BGSU Professor Jonathan Bostic has landed a $324,764 grant from the National Science Foundation as part of a nationwide study aimed at helping middle school math  teachers find the best teaching methods.

The work that Bostic and fellow lead investigators will do follows up on an ongoing investigation into how middle school math teachers decide what materials – textbooks, work sheets, quizzes, they should use in the classroom.

To date, he said, “there’s not  a clear message about how teacher make those decisions and ways we can support teacher in making those decisions. … We had small pockets of information but nothing really synthesized.” 

Those few studies that have been done lack verifiability, he said. “We can’t answer the question how we know what we know from them.”

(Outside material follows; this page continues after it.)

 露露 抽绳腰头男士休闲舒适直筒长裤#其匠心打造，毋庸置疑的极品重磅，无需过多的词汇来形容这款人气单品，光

The recent grant for BGSU was announced recently by U.S. Senator Sherrod Brown (D-Ohio). Brown was co-sponsor of the Supporting Early Career Researchers Act that supplied the funding. Brown said in a statement: “This award will help ensure the next generation of Ohioans have the tools they need for success.”

The NSF grant for the national study was for $2.9 million.

The goal is to have robust results that meet the highest standards for educational research.

Bostic, an associate professor of mathematics education, said the earlier research gathered extensive data using interviews and very focused surveys conducted face to face. These were time consuming and required pulling teachers from the classroom, the very place they needed to be spending their time.

Using that information the researchers designed a framework about how middle teachers decide materials to use.

The researchers then approached Bostic, and two other researchers, Toni May and Kristin Koskey  of Drexel with strong skills in quantitative methods, to take the data and create surveys that could be more broadly used.

“When we make a survey and a better instruments, teachers can start having conversations with each other, with administrators. They can make decisions why they do what they do,” he said.

What these quantitative surveys will not be used for is high stakes evaluations. This is not about “judging” teachers, Bostic said. It’s about giving them information they have been requesting to help them teach better.

He expects these surveys will take about a year to develop. The surveys will focus on elements that can be observed.

Then the researchers will head into the classrooms to see if teachers are actually doing what they say they’re doing and how those decisions are playing out in the classroom.

This can identify for teachers what they are doing well, though they may not realize it, as well as areas where they have room for growth.

“This is about supporting teachers and students,” he said. 

The research will be publicly available, be applicable for a broad range of educators including teachers and math coaches, and employ best practices.

“Ultimately,” Bostic said, “it’s supporting all students to be mathematically proficient citizens.”